A fundamental distinction between art and books lies in the way they are experienced. A work of art can be absorbed in an instant, whereas an artist’s book requires time. Its tactile, sequential nature demands engagement beyond a single glance. The format itself shapes meaning—does a book communicate differently than an artwork on a wall? Does the shift between mediums transform perception? This exhibition invites visitors to consider an alternative equation: 1 + 1 = 3.
In the gallery space, Schmidt presents the series RGB and Porn, both of which examine the intersection of reading, seeing, and interpreting images in different contexts.
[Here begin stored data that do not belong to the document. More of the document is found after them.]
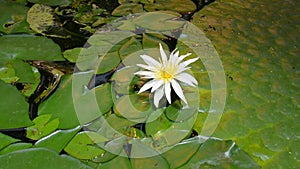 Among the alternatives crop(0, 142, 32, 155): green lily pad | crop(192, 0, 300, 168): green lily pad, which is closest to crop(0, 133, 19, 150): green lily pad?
crop(0, 142, 32, 155): green lily pad

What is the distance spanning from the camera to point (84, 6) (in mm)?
1168

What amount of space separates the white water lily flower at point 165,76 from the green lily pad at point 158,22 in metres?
0.21

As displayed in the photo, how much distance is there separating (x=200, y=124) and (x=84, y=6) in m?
0.55

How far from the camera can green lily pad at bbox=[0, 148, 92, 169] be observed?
75 cm

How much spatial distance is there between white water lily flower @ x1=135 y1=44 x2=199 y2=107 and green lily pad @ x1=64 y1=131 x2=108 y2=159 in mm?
142

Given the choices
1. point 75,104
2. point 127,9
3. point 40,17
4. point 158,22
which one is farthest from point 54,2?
point 75,104

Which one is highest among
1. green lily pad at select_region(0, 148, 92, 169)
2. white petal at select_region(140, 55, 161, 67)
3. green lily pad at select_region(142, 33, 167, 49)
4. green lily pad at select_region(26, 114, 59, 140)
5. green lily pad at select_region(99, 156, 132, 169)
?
white petal at select_region(140, 55, 161, 67)

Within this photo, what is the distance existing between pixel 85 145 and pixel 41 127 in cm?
11

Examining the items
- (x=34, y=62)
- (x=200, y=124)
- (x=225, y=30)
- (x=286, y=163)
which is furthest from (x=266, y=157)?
(x=34, y=62)

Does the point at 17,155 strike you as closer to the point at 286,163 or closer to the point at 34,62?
the point at 34,62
Additional artist’s books are on view in the back space, where Gallery Andreas Schmidt has recently opened a new showroom.
- Richard Kostelanetz, "Book Art," in Artist's Books: A Critical Anthology and Sourcebook, ed. Joan Lyons (Rochester, NY: Visual Studies Workshop Press, 1985), 28

Andreas Schmidt
Andreas Schmidt (1967) is a Berlin based gallerist and artist whose work has been exhibited and published internationally. In 2005 German fine art and photography book publisher Hatje Cantz published his first hard-back monograph entitled Las Vegas to international critical acclaim. Described by J.G. Ballard as “the poet of the hotel corridor”, his second book, The City was published by Hatje Cantz in 2009.
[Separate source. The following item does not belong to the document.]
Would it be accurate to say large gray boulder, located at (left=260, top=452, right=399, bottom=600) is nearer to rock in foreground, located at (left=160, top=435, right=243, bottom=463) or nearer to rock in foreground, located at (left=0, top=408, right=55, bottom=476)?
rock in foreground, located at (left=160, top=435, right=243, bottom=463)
Schmidt was a founding member of ABC, Artists’ Books Cooperative, in early 2010 but left the coop in 2014.
In 2013 he launched GESAMTBUCHKUNSTWERKSKULPTUR, a custom- made shelving unit containing 77 self published artist’s books, at art book fair Offprint Paris. His artist book The Time Machine was included in the group exhibition A History of Photography: Series and Sequences at the Victoria and Albert Museum in London in 2015 which also featured work by August Sander, Eadweard Muybridge and Lewis Baltz among others. Schmidt’s artist book The Cost of Photobooks: A History Volume II was listed by Le Monde as one of the 10 best photo books of 2011.
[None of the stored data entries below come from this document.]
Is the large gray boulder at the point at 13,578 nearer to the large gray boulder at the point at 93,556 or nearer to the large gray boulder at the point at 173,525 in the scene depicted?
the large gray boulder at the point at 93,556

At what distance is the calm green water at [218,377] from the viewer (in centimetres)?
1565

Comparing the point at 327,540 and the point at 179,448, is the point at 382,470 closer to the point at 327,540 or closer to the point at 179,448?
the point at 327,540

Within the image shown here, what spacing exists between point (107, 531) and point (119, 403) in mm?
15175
Schmidt’s work is held in a number of private and public collections including the Victoria and Albert Museum, London, UK, FRAC Centre, Orléans, France, Centre Des Livres Artistes, Saint-Yrieix-la-Perche, France, the Bavarian State Library, Munich, Germany and the Minnesota Center for Book Arts, Minneapolis, USA.

?w=all&q=red&m=text#page=
Andreas Schmidt, 2010
180 x 180 mm, 80 pp.
Hardcover
Edition of 100
The triptych RGB references the three primary colors—red, green, and blue—used to render images on digital screens. Each book and its corresponding large-scale print is a composite of the first 38 computer screenshots of search results for the words “red,” “green,” and “blue” from the photo-sharing platform Flickr. Every print comprises 2,280 individual images and their corresponding titles.

PORN
Andreas Schmidt
180 x 180 mm, 80 pp.
Hardcover
Edition of 100
PORN is the fastest book Schmidt has ever created. By typing the word “porn” into Google Images, he received 137 million results in just 0.15 seconds. From these, he captured screenshots of the first 38 pages and enlisted a retoucher to black out the images, transforming the content into an abstract, censored field—a twenty-first-century Malevich, spread over 38 double pages.